Pentagon asked to submit 2014 budget that accounts for sequester
WASHINGTON — With no sign sequestration will be averted, two top lawmakers are asking Defense Secretary Chuck Hagel to provide a plan within months to cut $52 billion out of President Barack Obama’s 2014 defense budget request.
Obama last month sent Congress a $526.6 billion base Pentagon budget request for next year. But the request didn’t take into account a federal law capping the base budget at $475 billion unless a deadlocked Congress finds a way to cut $1.2 trillion from the deficit.
Sequestration in 2013 will slash $37 and $40 billion from the defense budget, and has already caused training rotations to be eliminated, air wings to be grounded and ship deployments canceled, defense officials say.
The prospect of a bipartisan agreement to avert sequestration appears slim, Senate Armed Services Committee chairman Sen. Carl Levin, D-Mich., and ranking member Sen.

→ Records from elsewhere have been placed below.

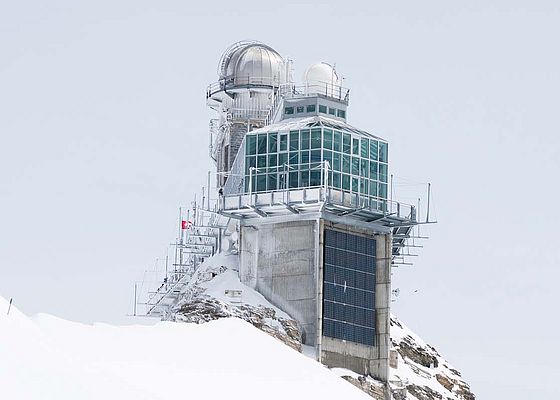 The High Altitude Research Station, “Sphinx,” is located on the Jungfraujoch—in the Swiss Alps—at an altitude of 3580 msl.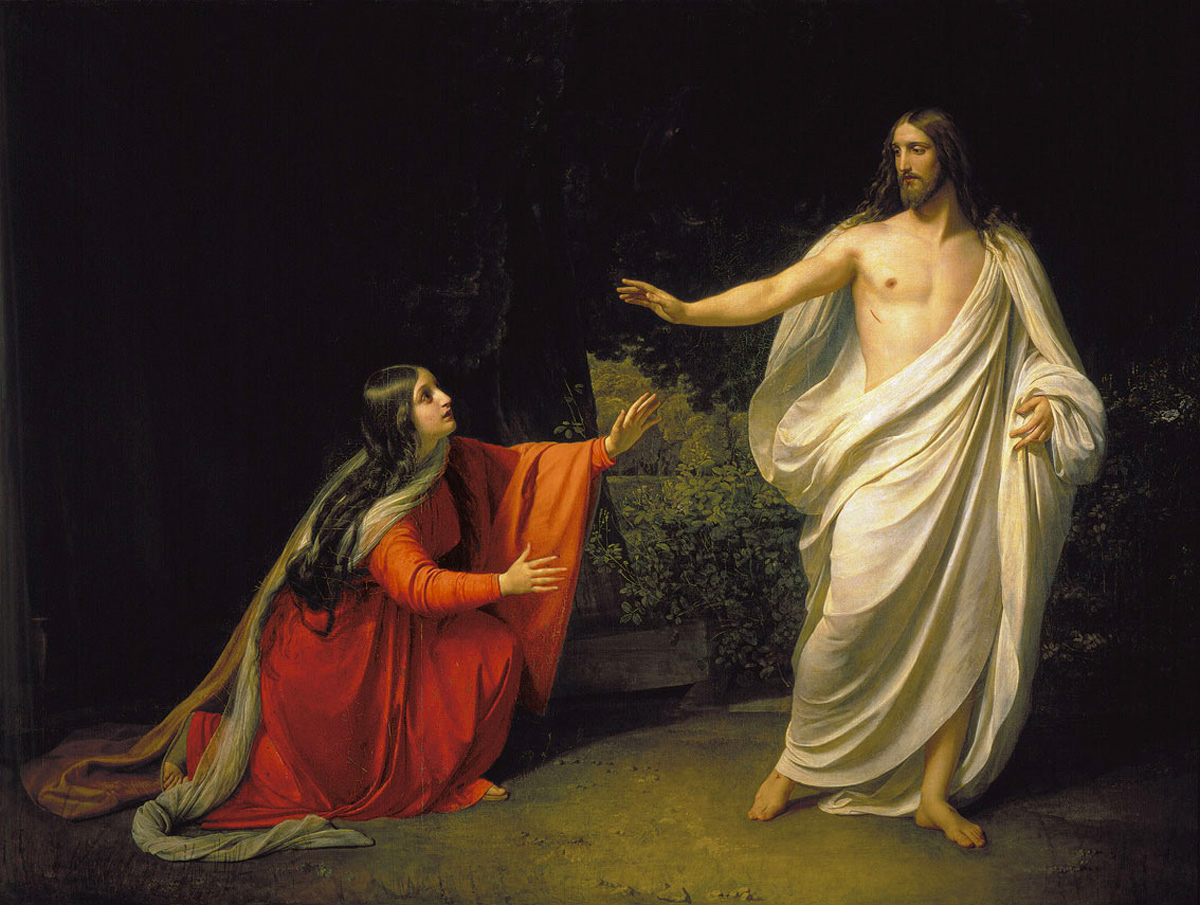 Jezis a Maria Magdalena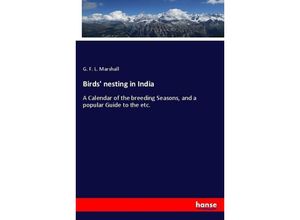 9783337059460 - Birds nesting in India - G F L Marshall Kartoniert (TB)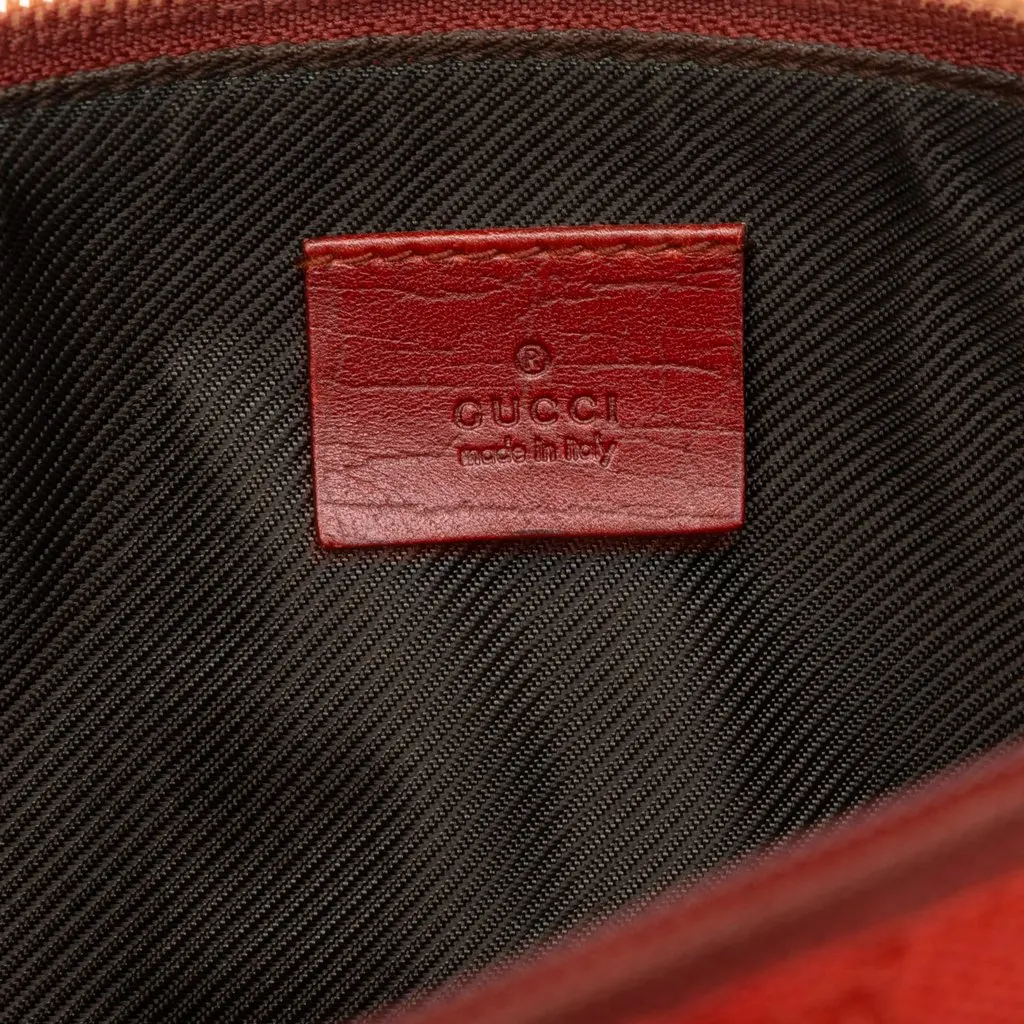 Gucci GG Canvas Boat Red Canvas Good - Box View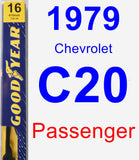 Passenger Wiper Blade for 1979 Chevrolet C20 - Premium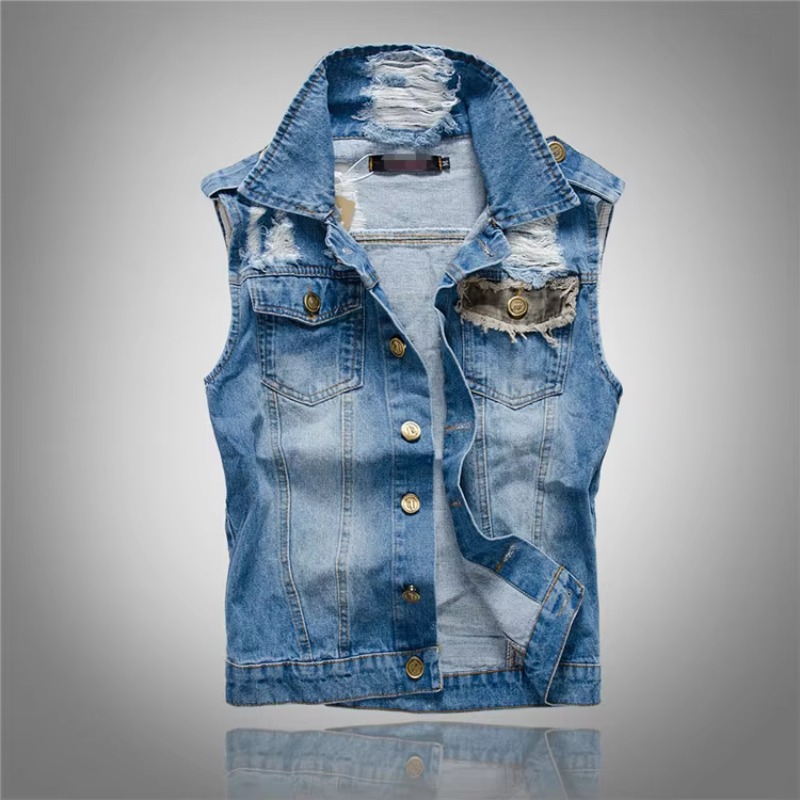 سترات جينز ضيقة للرجال سترات ص - مراجعة Men'S Fashion Vest With Jeans وسعره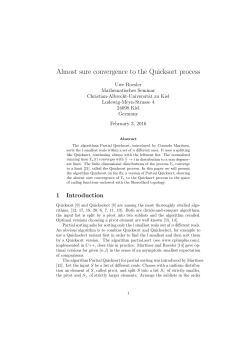 Almost sure convergence to the Quicksort process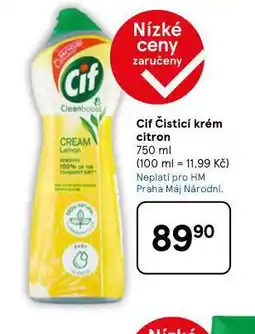 Tesco Cif čistící krém citron nabídka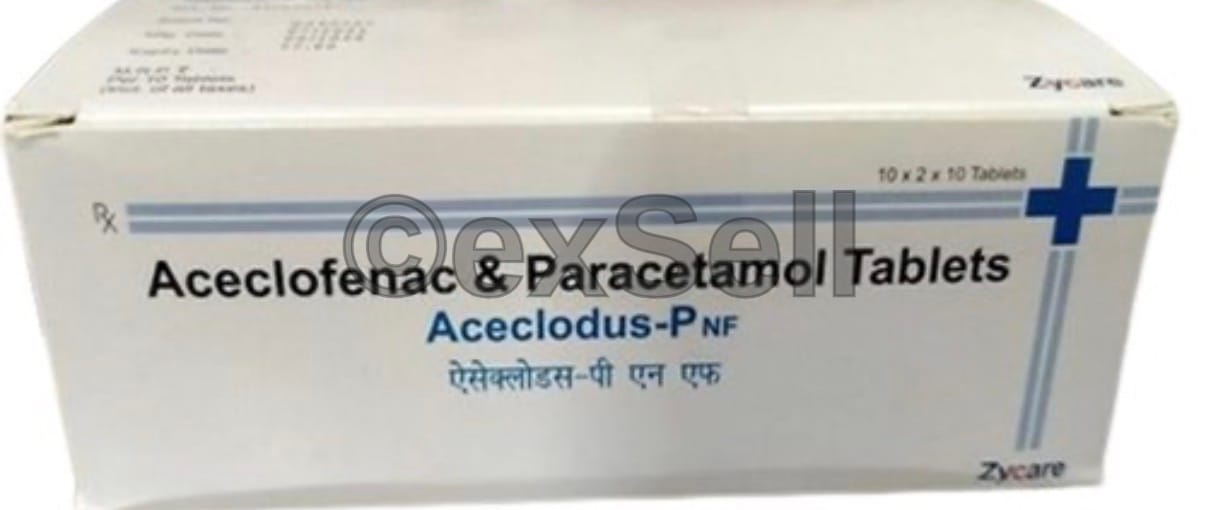Aceclodus-P Tablet 100mg + 500 mg Tablet – Aceclofenac(100 Mg)+Paracetamol (500 Mg)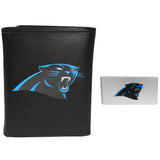 Carolina Panthers Tri-fold Wallet & Money Clip - Carolina Panthers - Flyclothing LLC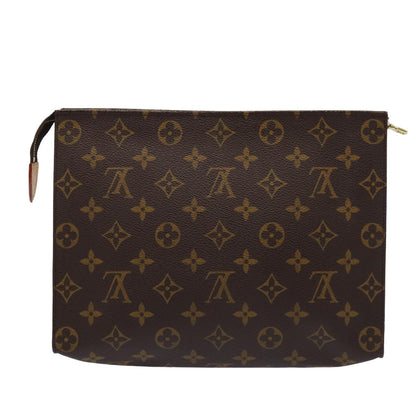 LOUIS VUITTON Monogram Poche Toilette 26 Pouch M47542 LV Auth yk13509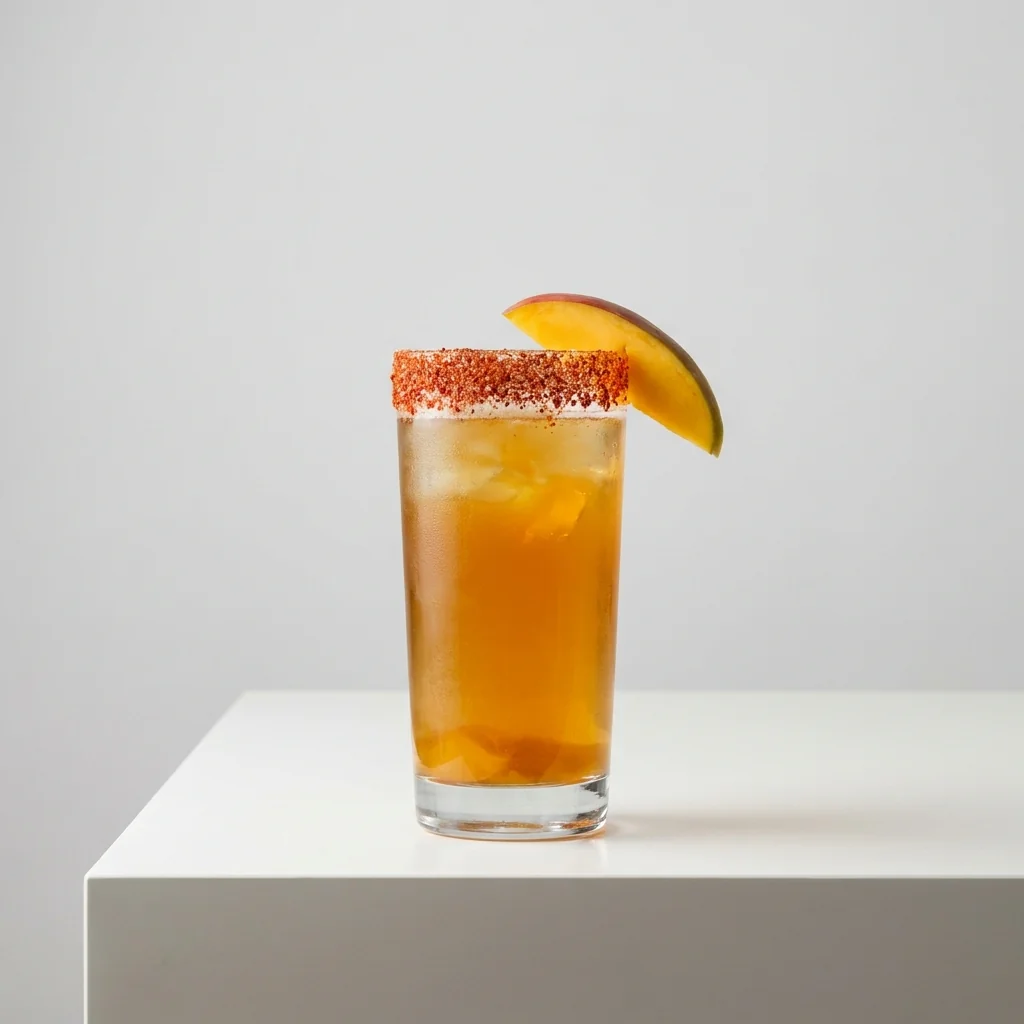Modo de uso: michelada de mango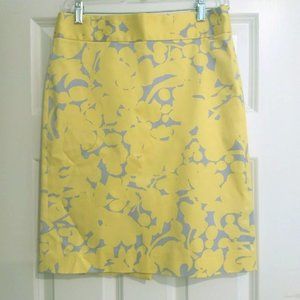 J. Crew Yellow Skirt Size 2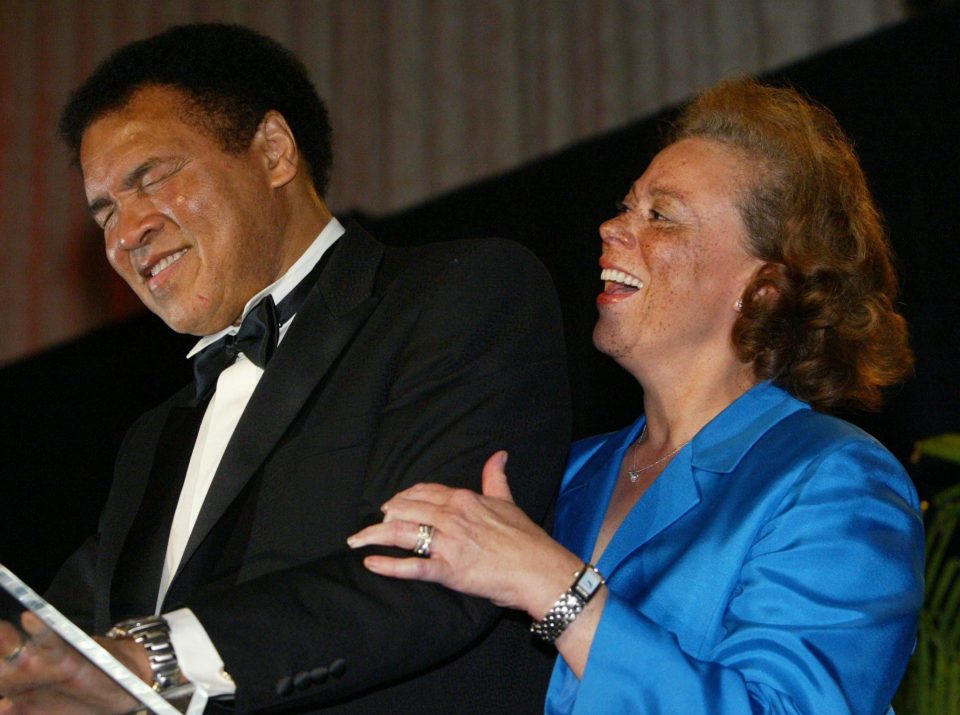 Muhammad Ali with fourth wife Yolanda Williams, who survived him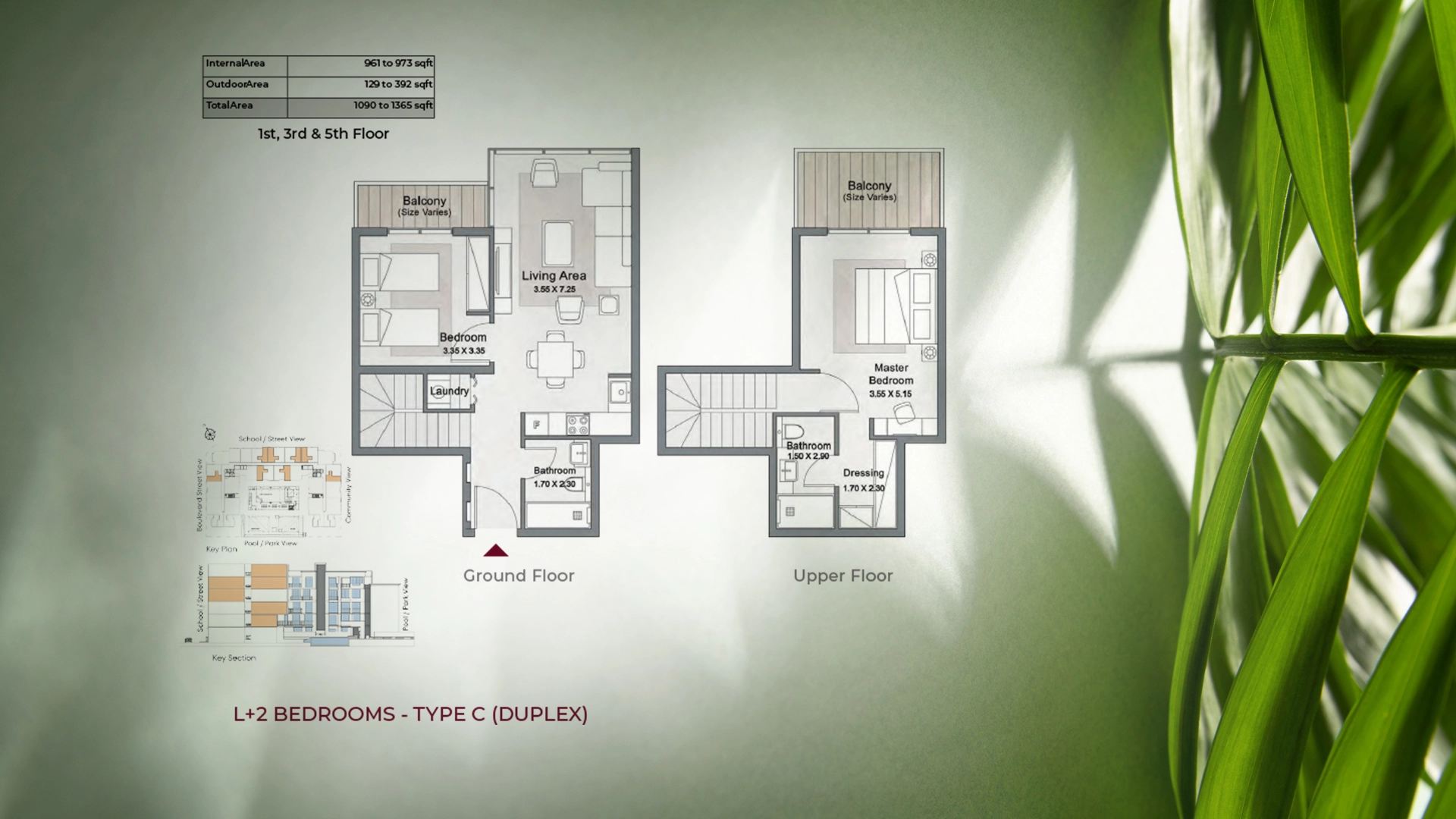 2 BR  - Type E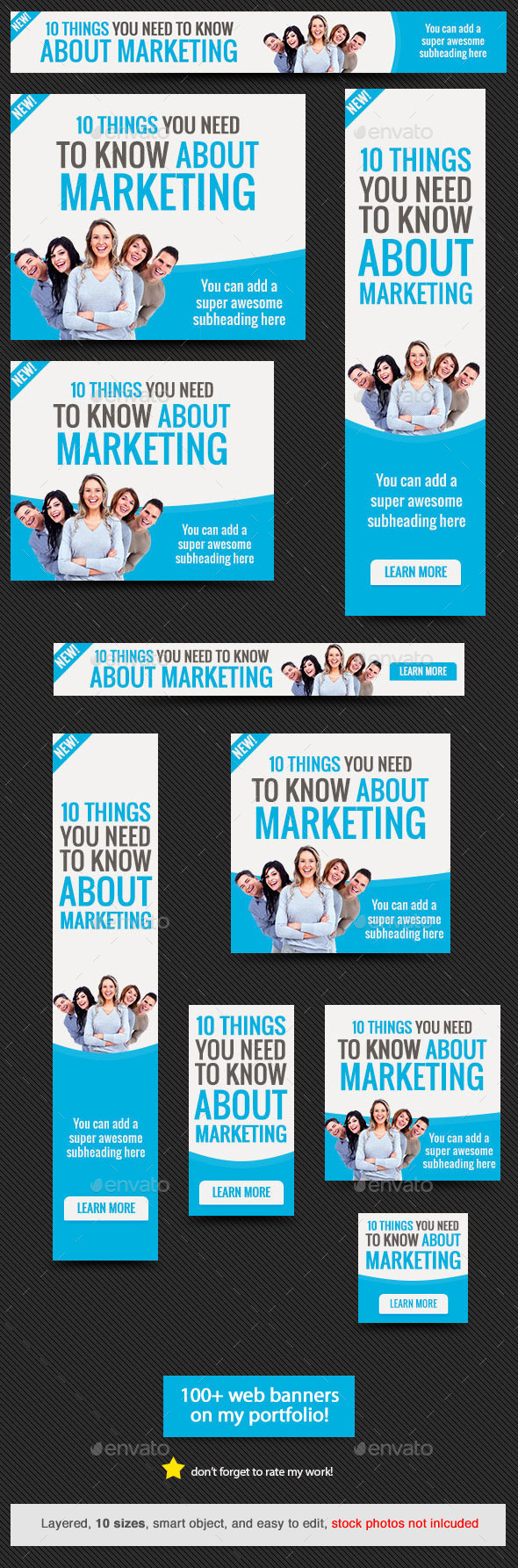 Corporate Web Banner Design Template 54 Corporate Web Banner Design Template 54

James Inhofe, R-Okla., wrote in a letter to Hagel sent Thursday.
The pair wrote that “the budgets passed by the Senate and the House of Representatives all assume that we will avoid sequestration in fiscal year 2014. To date, however, there has been virtually no sign of movement toward a bipartisan agreement that would enable us to do so.”
The problem is that many members of Congress and the public see sequestration as an effective way to cut the budget, they wrote.
Levin and Inhofe asked Hagel to submit a package of proposed reductions by July 1, making clear the potential damage that sequestration could cause.
“We recognize that it will not be easy to put together such a package,” they wrote. “In our view, however, a concrete demonstration of the painful choices the Department would have to make to cut $52 billion from its budget may be our last, best hope of avoiding sequestration altogether.”
Hagel has already ordered DOD officials to conduct a “strategic choices and management review,” due May 31, to examine the potential effects of sequestration. In addition to a broad-ranging look at DOD operations, the study will examine whether the Pentagon can meet the requirements of a new strategy that calls for a rebalancing of U.S. power toward Asia. But the review is not intended as a detailed budget cutting package, officials said.
Pentagon spokeswoman Lt. Col. Elizabeth Robbins said the department would respond directly to the senator’s request about how to implement sequestration in 2014, a possibility defense leaders are keen to avoid.
“The readiness of our force is rapidly eroding due to mandatory sequestration cuts, and we are deeply concerned about sequestration continuing into the next fiscal year,” Robbins said.